■ **Exercise instructions**
Retype the listing found below exactly, but leave out each picture.

■ **Data section**

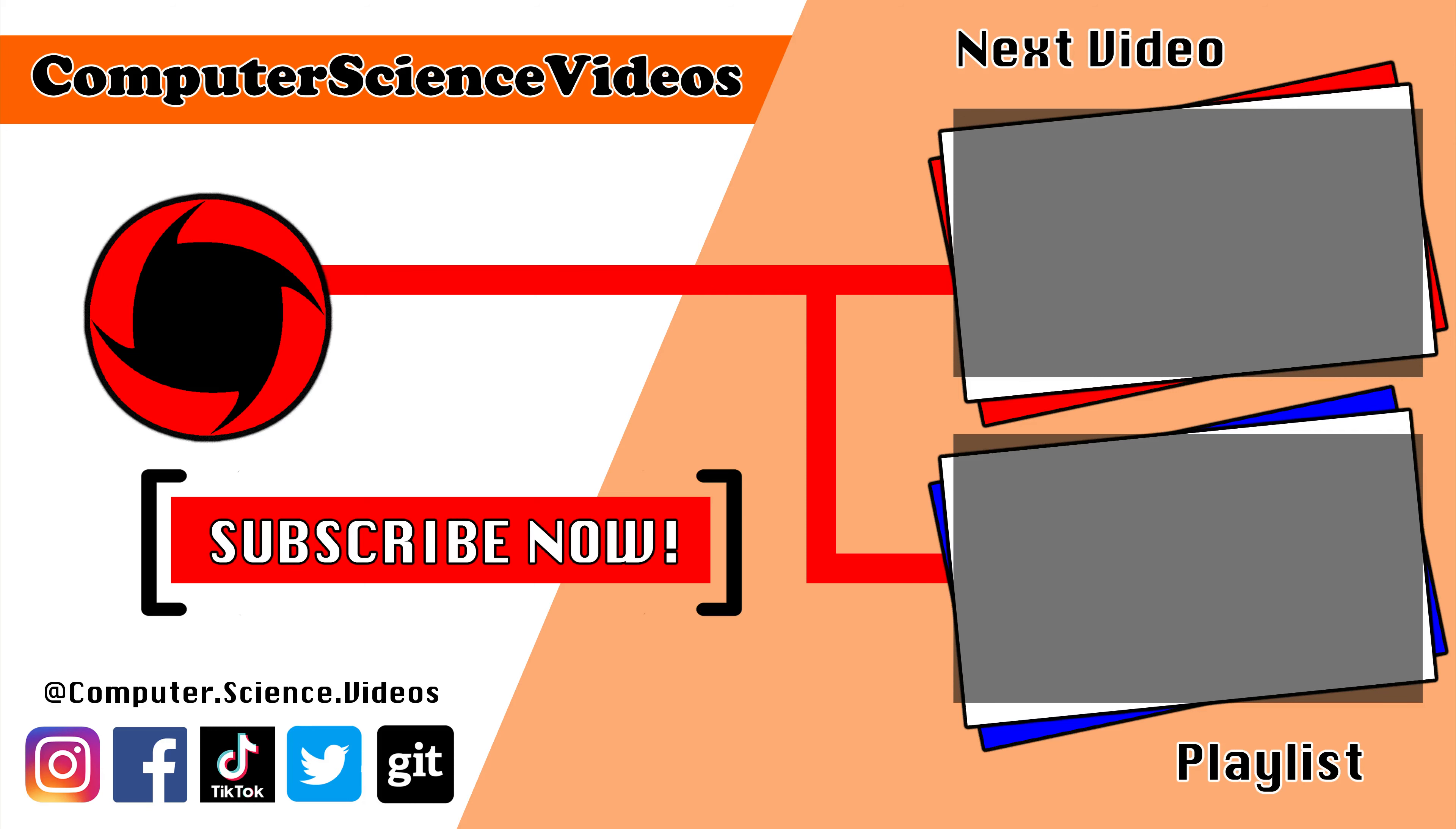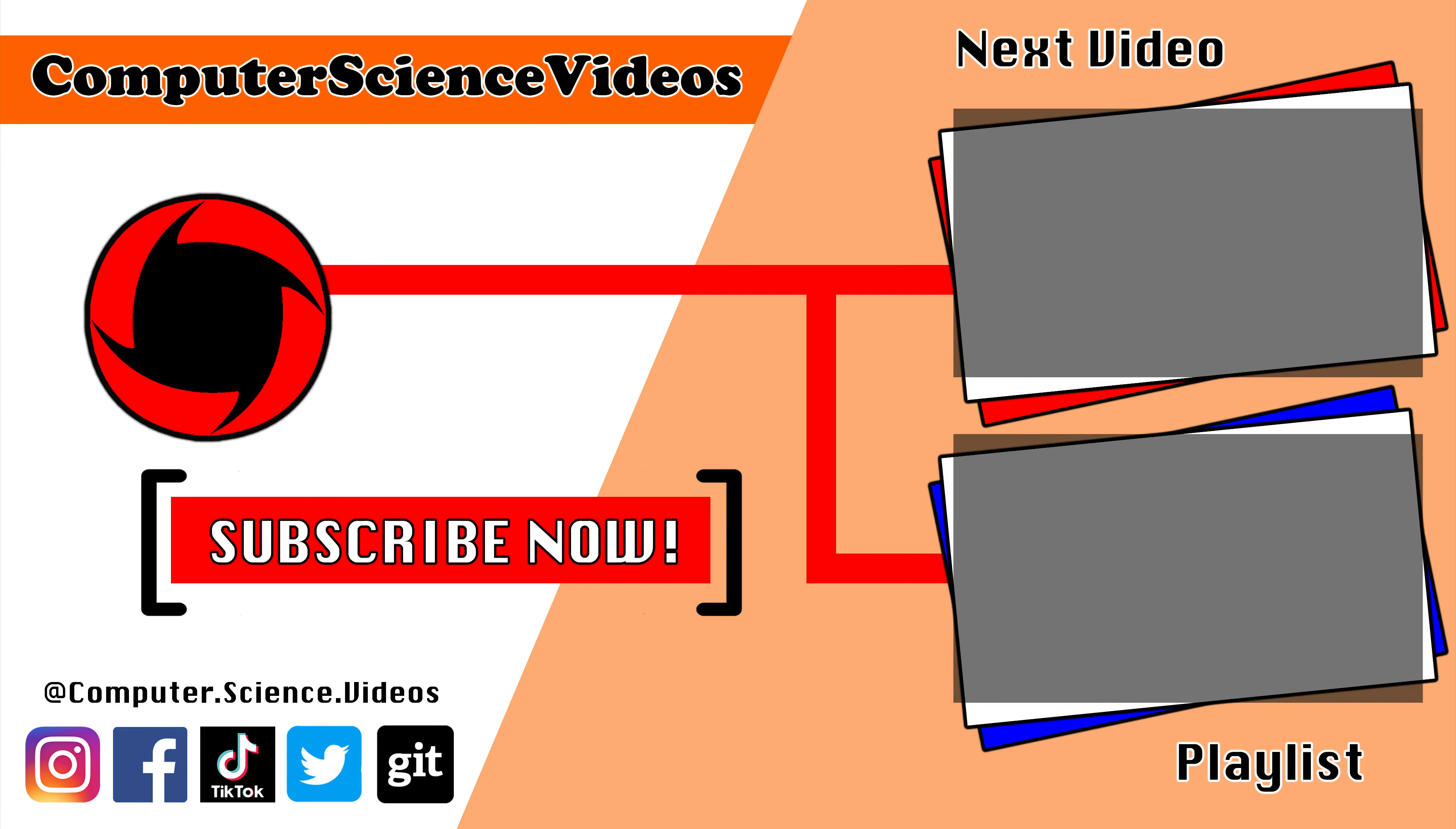Thank you for making it towards the end of the video. Be sure to subscribe to my channel, Computer Science Videos. Be sure to check out the previous video on screen now, or you can ideally click on the playlist and watch all the journey for Computer Science Videos from the start until now.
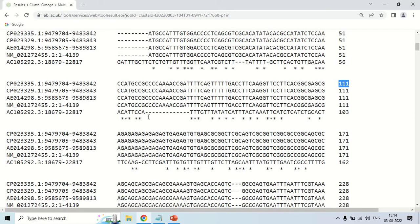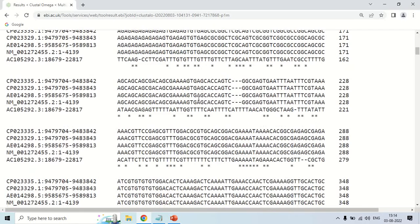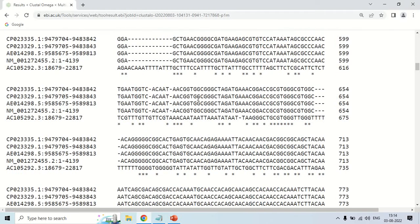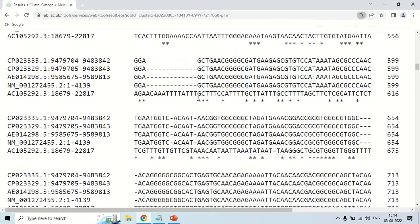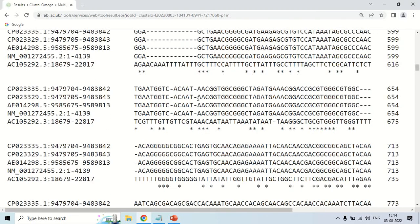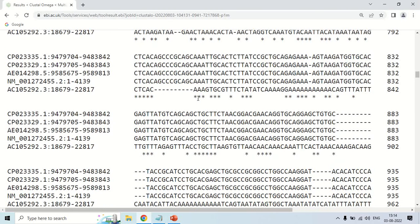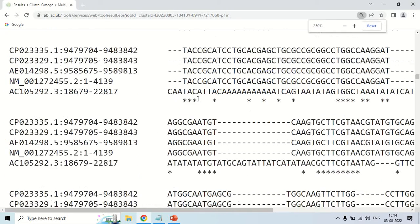Again, these dashes represent that there is no base in the fifth sequence corresponding to those bases. You can scroll down and there is a lot of data because you have taken five sequences, so it gives all possible combination alignments between them — first aligning the first with second, then first with third, then first with fourth, and so on, which is why there is so much data.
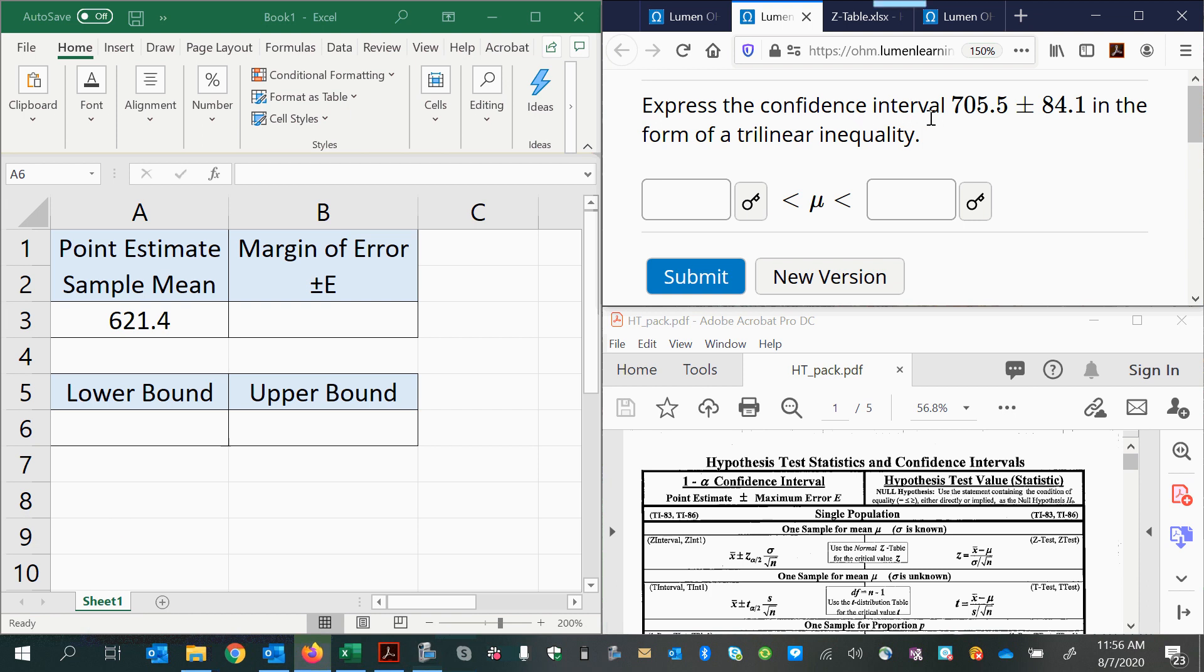Express the confidence interval 705.5 plus or minus 84.1 in the form of a linear inequality.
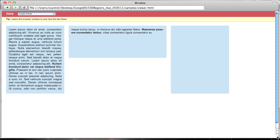The point of the CSS regions and CSS exclusions and the work that Adobe's been doing is to bring magazine-level layout and production quality to the web, which I think we can all agree is definitely missing.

■ **Task output**
Thank you for making it towards the end of the video. Be sure to subscribe to my channel, Computer Science Videos. Be sure to check out the previous video on screen now, or you can ideally click on the playlist and watch all the journey for Computer Science Videos from the start until now.
Again, these dashes represent that there is no base in the fifth sequence corresponding to those bases. You can scroll down and there is a lot of data because you have taken five sequences, so it gives all possible combination alignments between them — first aligning the first with second, then first with third, then first with fourth, and so on, which is why there is so much data.
Express the confidence interval 705.5 plus or minus 84.1 in the form of a linear inequality.
The point of the CSS regions and CSS exclusions and the work that Adobe's been doing is to bring magazine-level layout and production quality to the web, which I think we can all agree is definitely missing.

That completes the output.